■ **EXERCISE GOAL**: Skip the images and copy each record exactly as written.

■ **Brief descriptive captions**:

····················

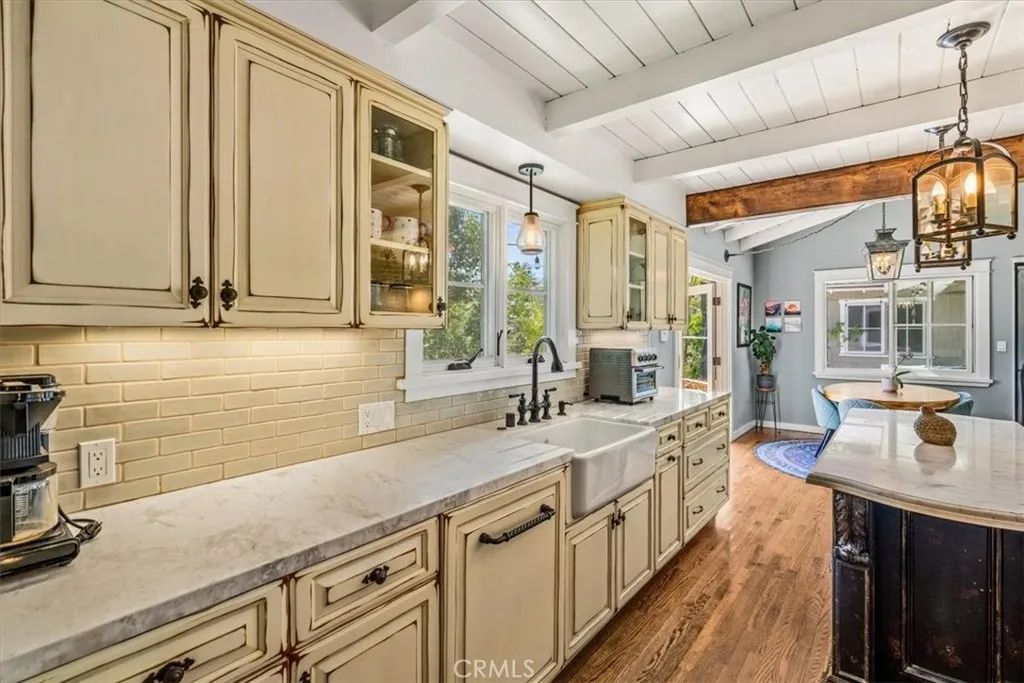 Additional image 71 of 27064 Sunnyridge Road, Palos Verdes Peninsula, CA 90274
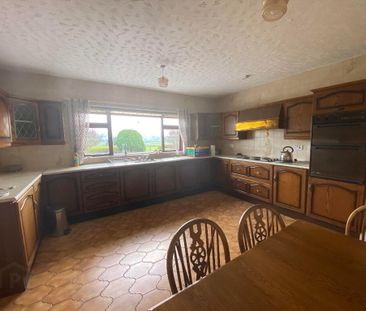 163 Cloughwater Road, Clough, BT44 9QH - Photo 6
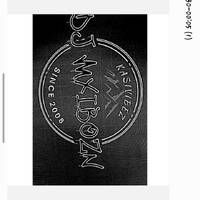 KasiVibez Kulca 19 MxiboZN by MzothoXolani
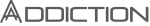 mini_sketo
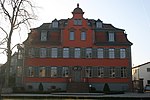 Lersner’sches Schloss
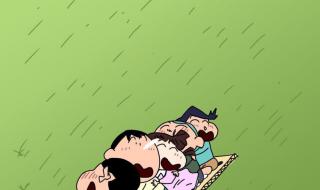 iphone11promax iphone11promax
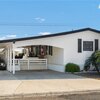 Mobile Home for Sale: Mobile Home - Mission, TX, Mission, TX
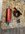 IMG_4385.jpeg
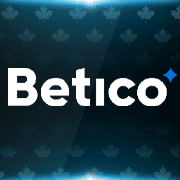 Betico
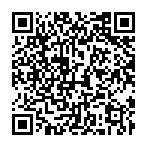 www.house-info.idv.tw房屋網-中壢豪宅,中壢豪宅出售,中壢豪宅買賣-QRCode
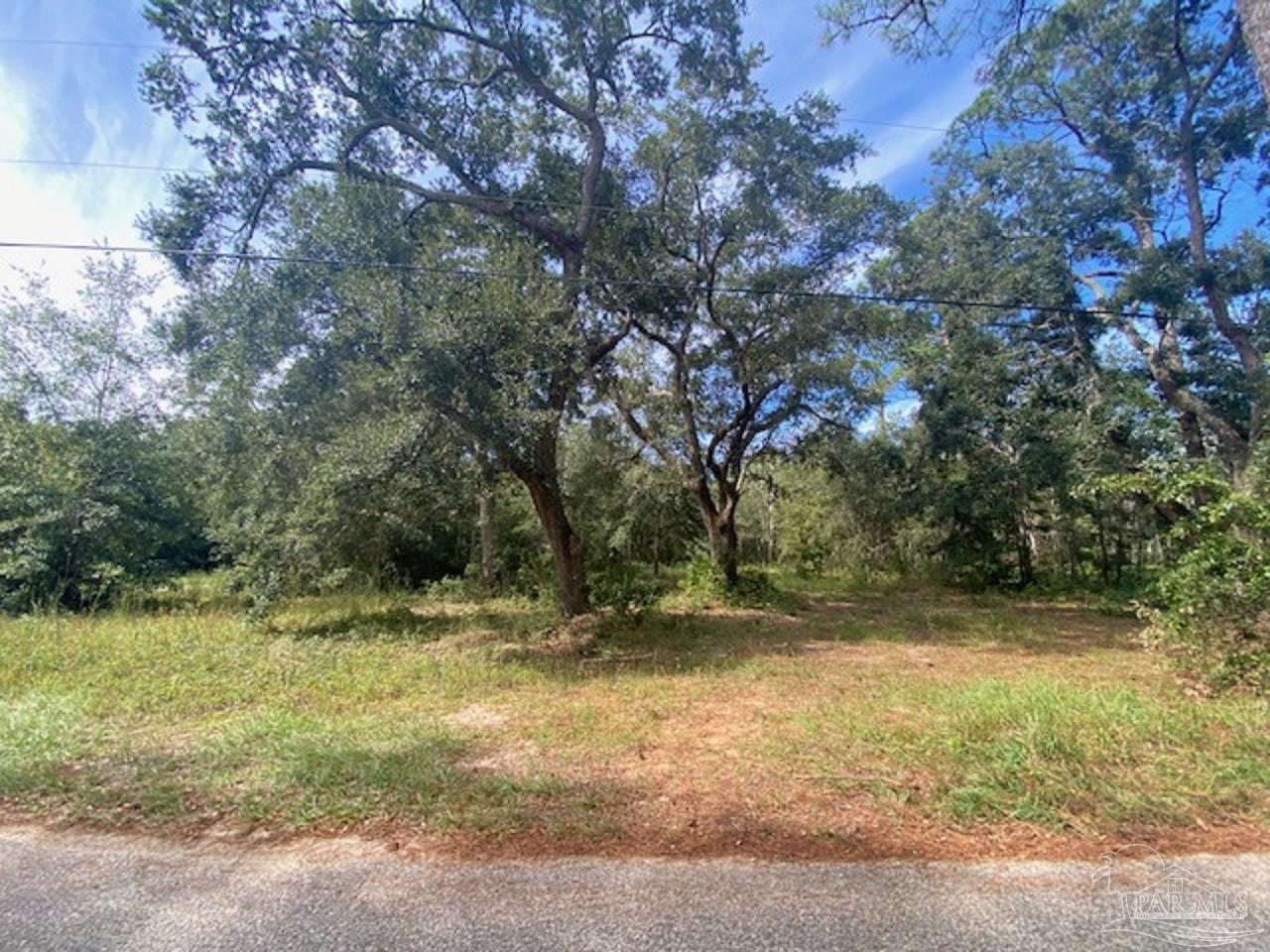 1793 Pearson Road Milton, FL 32583 - Photo 2 of 6 Gallery Image 2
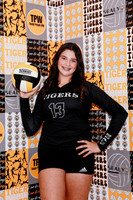 Vball-0250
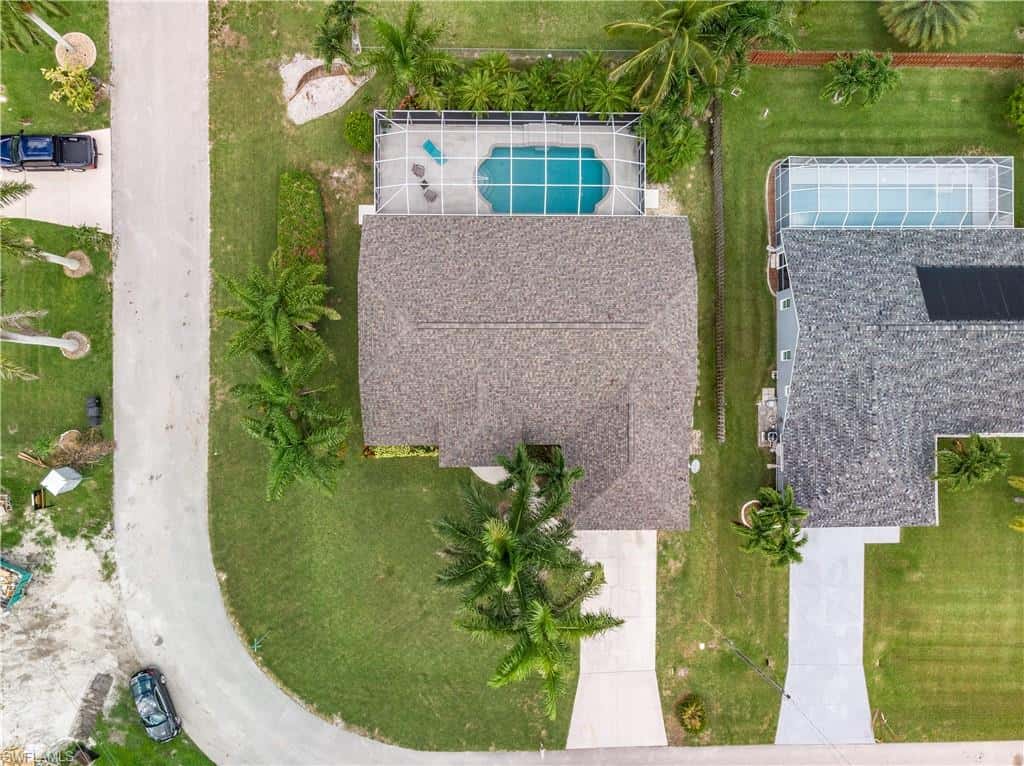 5034 20th Pl, Cape Coral, photo 22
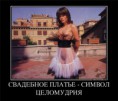 /album/fotogaljerjeja/a9a572db815bc-jpg/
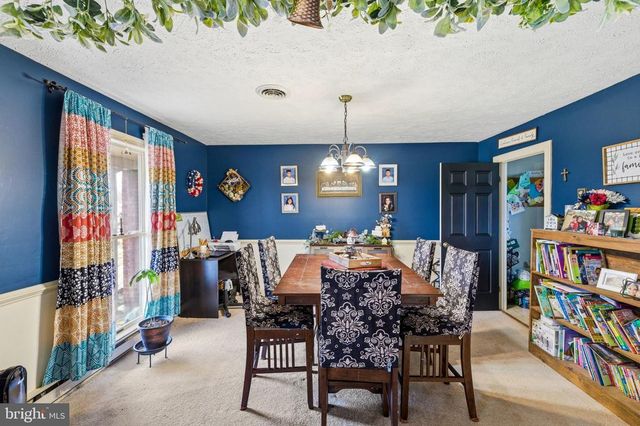 116 DENBROOK LN, Luray, VA 22835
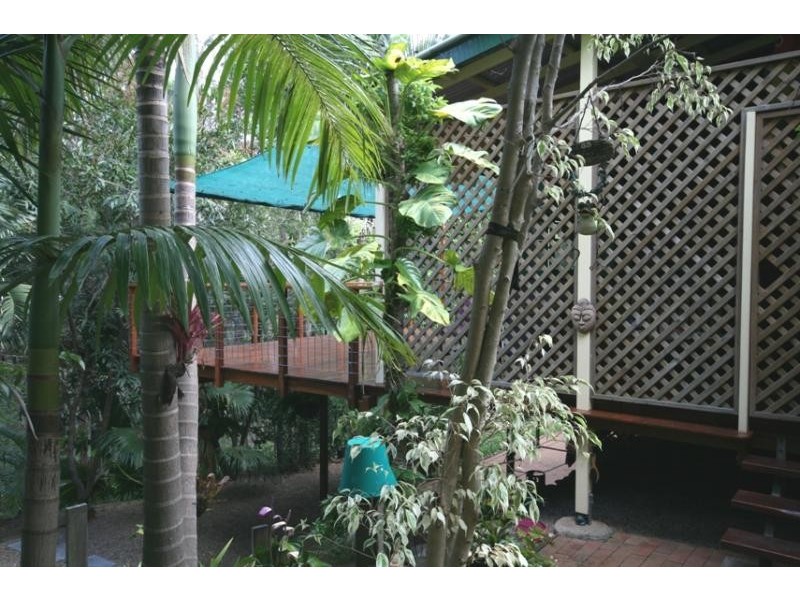 165 Mossy Bank Rd, Eudlo QLD 4554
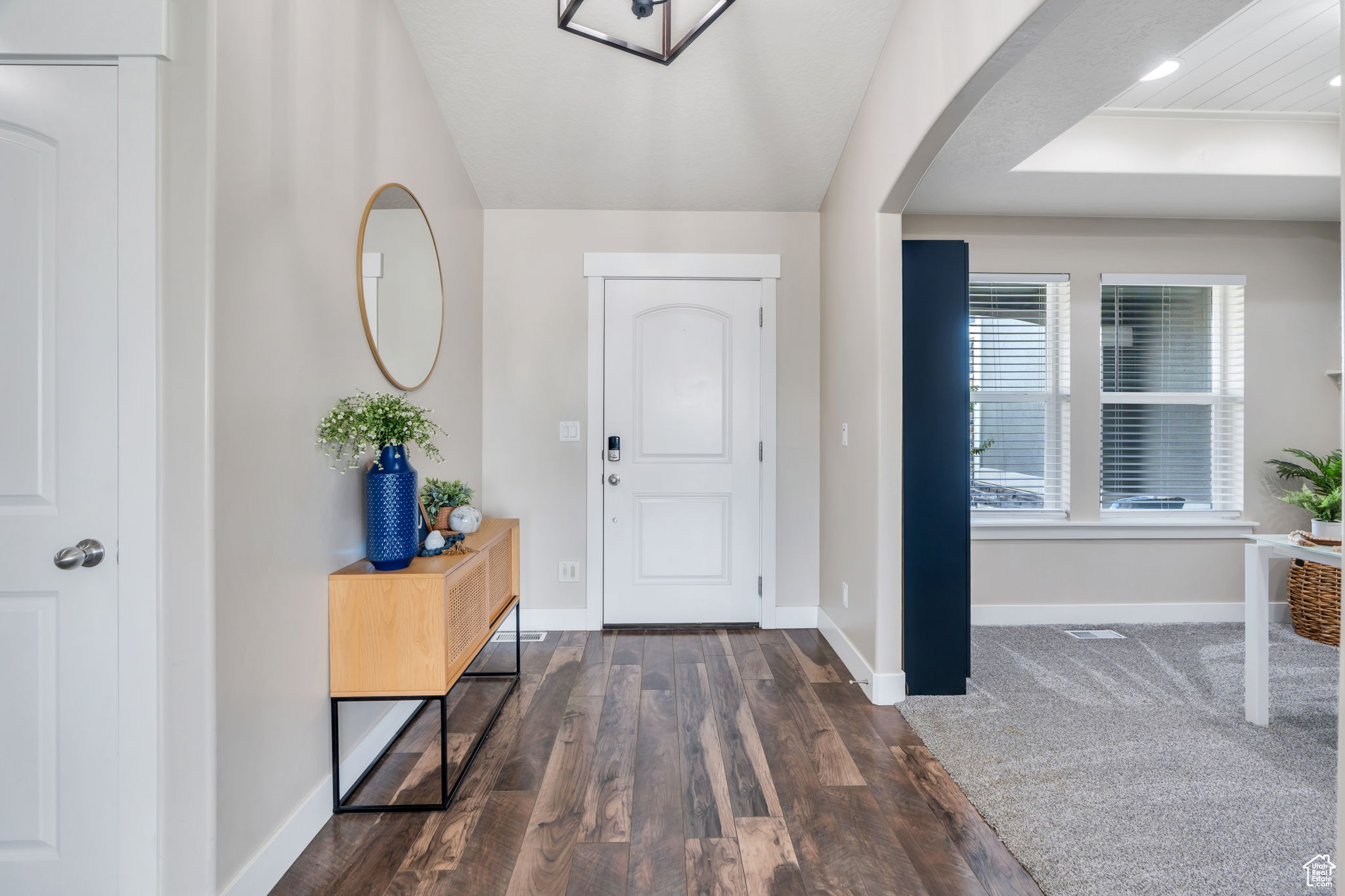 VALLEY VIEW - Residential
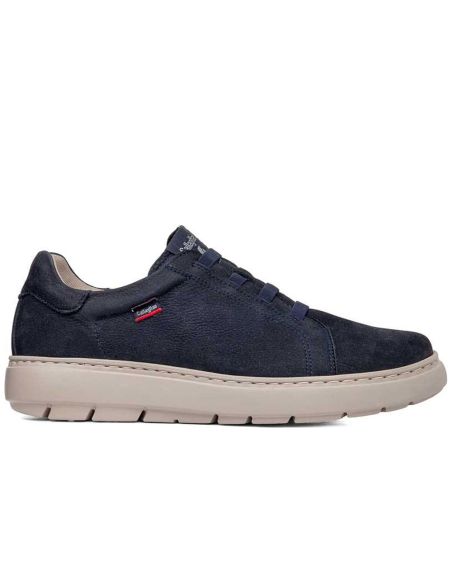 Callaghan - 60603-Adaptable-Boston-Azul - 60603 Adaptable Boston Azul - 1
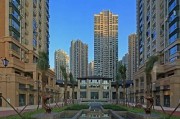 古典 亚洲 一区: 亚洲古典文化的魅力探寻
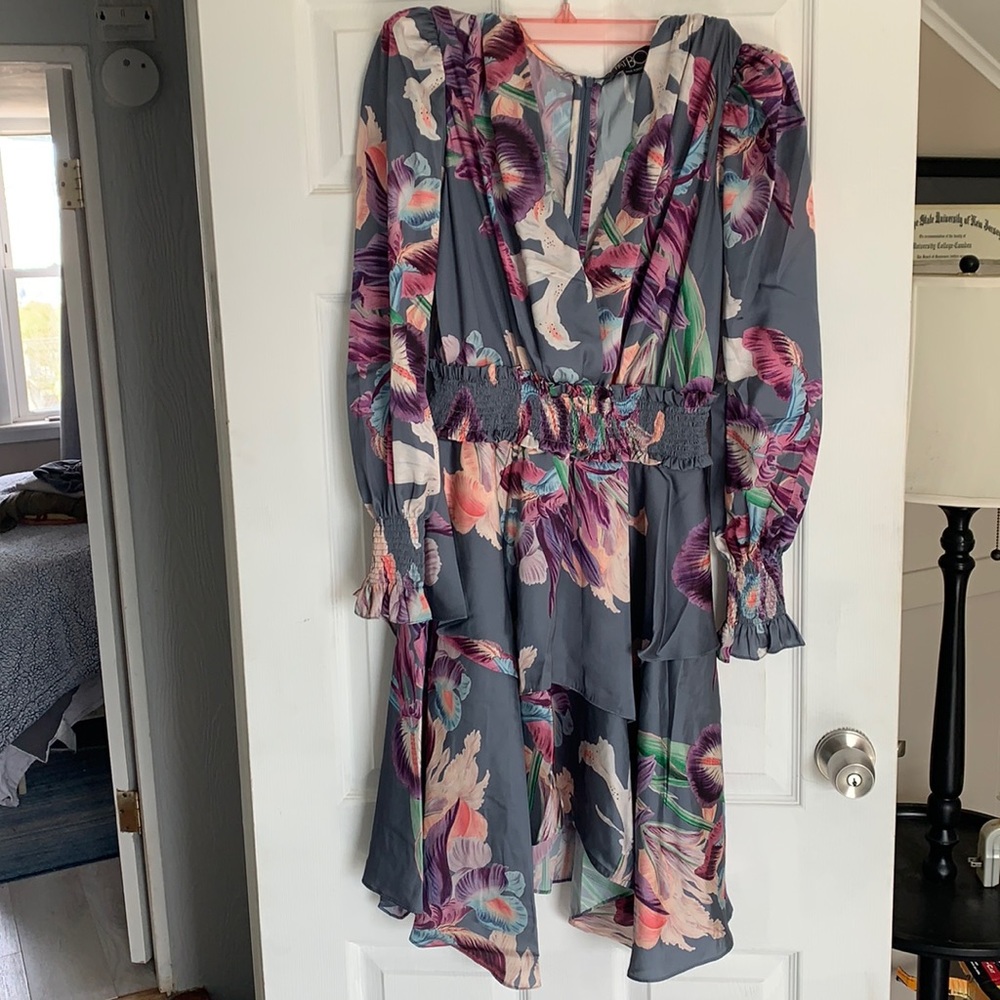 COPY - Patbo brand new dress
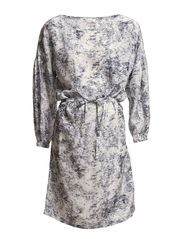 Filippa K Print Dress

····················

■ **YOUR SOLUTION**:
 Additional image 71 of 27064 Sunnyridge Road, Palos Verdes Peninsula, CA 90274
 163 Cloughwater Road, Clough, BT44 9QH - Photo 6
 KasiVibez Kulca 19 MxiboZN by MzothoXolani
 mini_sketo
 Lersner’sches Schloss
 iphone11promax iphone11promax
 Mobile Home for Sale: Mobile Home - Mission, TX, Mission, TX
 IMG_4385.jpeg
 Betico
 www.house-info.idv.tw房屋網-中壢豪宅,中壢豪宅出售,中壢豪宅買賣-QRCode
 1793 Pearson Road Milton, FL 32583 - Photo 2 of 6 Gallery Image 2
 Vball-0250
 5034 20th Pl, Cape Coral, photo 22
 /album/fotogaljerjeja/a9a572db815bc-jpg/
 116 DENBROOK LN, Luray, VA 22835
 165 Mossy Bank Rd, Eudlo QLD 4554
 VALLEY VIEW - Residential
 Callaghan - 60603-Adaptable-Boston-Azul - 60603 Adaptable Boston Azul - 1
 古典 亚洲 一区: 亚洲古典文化的魅力探寻
 COPY - Patbo brand new dress
 Filippa K Print Dress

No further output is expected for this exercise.